_Data segment_
▼▼▼

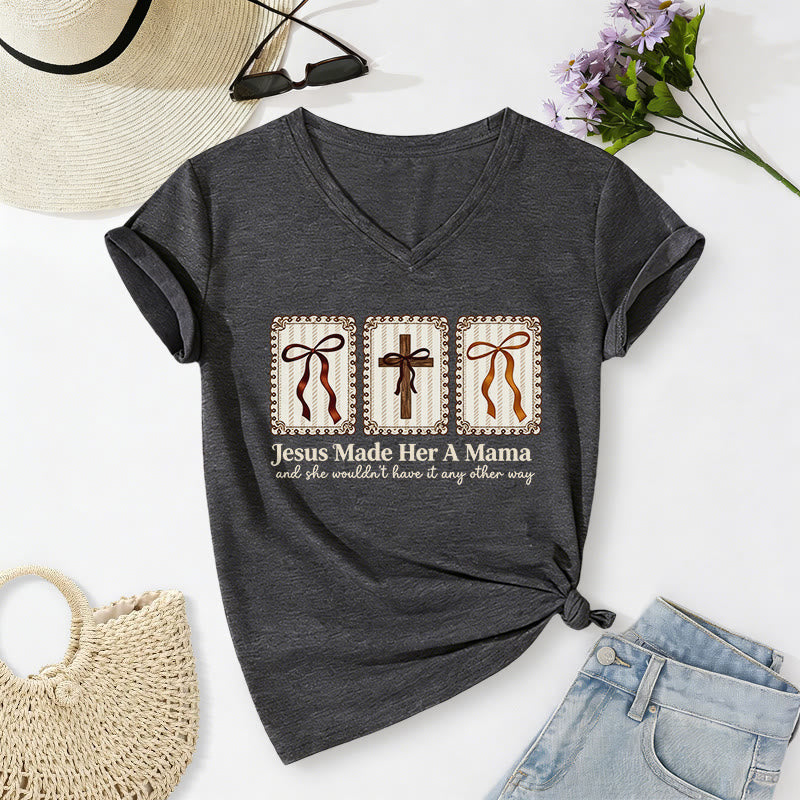 Christianartworkshop T-shirt décontracté à col en V « Jésus l'a faite maman » - Gris foncé - 2XL - image 20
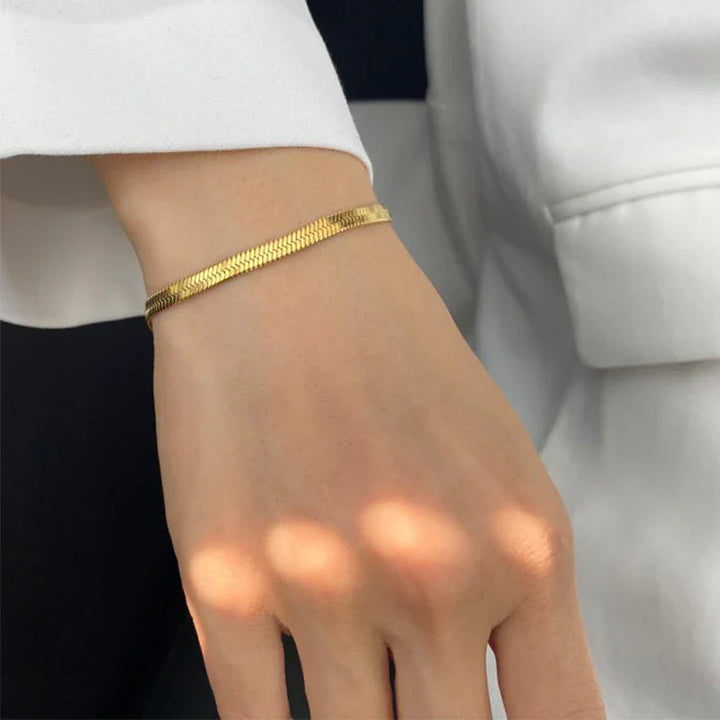 Ellaine Gull Herringbone Bracelet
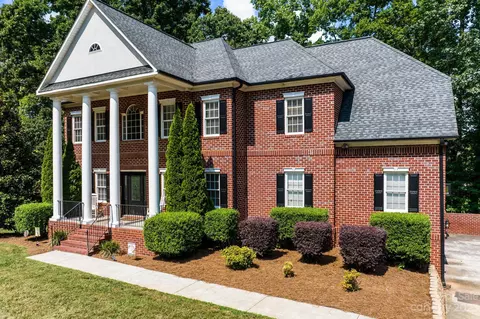 222 Lytham Ln, Stanley, NC 28164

▲▲▲

_Your instructions_
Set down all the lines above exactly as they appear, with no pictures.

_Exercise answer_
 Christianartworkshop T-shirt décontracté à col en V « Jésus l'a faite maman » - Gris foncé - 2XL - image 20
 Ellaine Gull Herringbone Bracelet
 222 Lytham Ln, Stanley, NC 28164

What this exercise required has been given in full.